◆ **Raw data**:
▬▬▬▬▬▬
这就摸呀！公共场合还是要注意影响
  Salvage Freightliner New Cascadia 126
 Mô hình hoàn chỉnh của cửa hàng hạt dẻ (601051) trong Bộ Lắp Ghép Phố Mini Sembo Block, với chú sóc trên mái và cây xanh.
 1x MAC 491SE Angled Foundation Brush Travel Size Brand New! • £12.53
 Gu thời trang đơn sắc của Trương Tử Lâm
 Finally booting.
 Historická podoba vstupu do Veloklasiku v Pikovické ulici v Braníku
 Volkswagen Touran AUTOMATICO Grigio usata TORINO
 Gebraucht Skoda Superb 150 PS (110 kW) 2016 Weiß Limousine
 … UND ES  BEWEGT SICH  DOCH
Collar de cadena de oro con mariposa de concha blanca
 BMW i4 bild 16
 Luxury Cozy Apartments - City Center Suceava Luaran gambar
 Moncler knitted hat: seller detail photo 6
▬▬▬▬▬▬
◆ **What the task asks**:
Every line above must appear again in your reply, exactly as written.

◆ **Output for this task**:
这就摸呀！公共场合还是要注意影响
  Salvage Freightliner New Cascadia 126
 Mô hình hoàn chỉnh của cửa hàng hạt dẻ (601051) trong Bộ Lắp Ghép Phố Mini Sembo Block, với chú sóc trên mái và cây xanh.
 1x MAC 491SE Angled Foundation Brush Travel Size Brand New! • £12.53
 Gu thời trang đơn sắc của Trương Tử Lâm
 Finally booting.
 Historická podoba vstupu do Veloklasiku v Pikovické ulici v Braníku
 Volkswagen Touran AUTOMATICO Grigio usata TORINO
 Gebraucht Skoda Superb 150 PS (110 kW) 2016 Weiß Limousine
 … UND ES  BEWEGT SICH  DOCH
Collar de cadena de oro con mariposa de concha blanca
 BMW i4 bild 16
 Luxury Cozy Apartments - City Center Suceava Luaran gambar
 Moncler knitted hat: seller detail photo 6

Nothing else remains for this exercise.